Mumblecore was toothless by definition; that was part of the charm. The bite came from the idea of a bunch of non-professional kids were asking to be recognized at festivals alongside name talent and much bigger budgets. But when those kids grow up, and there is no longer anything disruptive about them being on the same channel as the Khaleesi, and they're still telling the same kinds of low-stakes stories; it's hard not to question, just like Duplass's Brett at his sound design job, what the whole point is.

That's not to say that Togetherness isn't well done and charming in parts, and won't be deeply relatable to a certain kind of middle class Angeleno. But, like Girls, it's largely about people who are scared — of intimacy, of success, of growing old — and while these are legitimate fears to explore dramatically, characters defined by their inaction are hard to maintain much week-to-week interest in. Only Lynskey's character — Michelle, a mild-mannered mom — has a serious adventurous side, which easily makes her the character to root for.
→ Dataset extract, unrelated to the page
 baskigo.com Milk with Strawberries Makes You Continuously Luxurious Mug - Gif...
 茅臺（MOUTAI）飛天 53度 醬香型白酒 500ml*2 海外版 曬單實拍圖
The fifth episode revolves around an adult kickball game instigated by Michelle, and her moment of slow-motion victory against a gang of millennials and her own malaise is the emotional high point of the season.

Togetherness often feels like a less stylistic American Beauty, which, ouch

How can mumblecore age gracefully? Noah Baumbach and Greta Gerwig have been able to pull it off with Greenberg and Frances Ha (I have not yet seen Baumbach's 2014 film While We're Young, but its premise appears to be not too far from Togetherness.) Jill Soloway's Afternoon Delight and now Golden Globe-winning Transparent manage to capture something of the universal in their highly specific characters and stories. Baumbach, Gerwig, and Soloway do more than telegraph events, they put a halo of significance around feelings and experiences one rarely sees on screen, which is clearly what HBO Sunday night seeks to do now as well.

All too often, though — and I seriously mean more than twice — Togetherness feels like a less stylistic American Beauty, which, ouch. Its revelations — that marriages can crumble, that there is nothing holding you back from quitting your job and just being a full-time human being — are pretty well-worn territory. And that grown-up mumblecore style does very little to elevate it to something more. My criticism of Togetherness is weirdly the same as my criticism of Gone Girl: it's just a series of events happening to some people. Which is totally fine and a prerequisite for most filmed entertainment, but kind of a dead end.

Steve Zissis in Togetherness

Critics of the mumblecore movement observed that its radicalness was also its crutch — the absence of an empty high concept often just resulted in an empty low concept. Oftentimes it seemed like a conceptual explanation for the filmmaker either being unable or uninterested in telling stories that weren't largely autobiographical. (By the second episode of the fourth season of Girls, Hannah Horvath runs up against a similar inability and unwillingness, further evidence that she is indeed fated to be the voice of her generation.) Looking is more frequently able to reach beyond itself and the relationship woes of its characters, largely due to its superior acting. Of the three shows in HBO's Sunday night mumblecore block, it's my favorite, but its second season, despite an uptick in on-screen sex, is not without a few navel-gazing lulls.

It's great that HBO is greenlighting these smaller, low-stakes shows, even if they didn't find Enlightened to be a worthwhile investment. I'd watch eight more seasons of Togetherness before I watch another episode of the bloated, dourly high-concept The Leftovers. But once we're finished being impressed by how little is happening on the screen, hopefully there's something more for us there to chew on. I'm not asking for much, just a touch of the universal in these increasingly tiny worlds.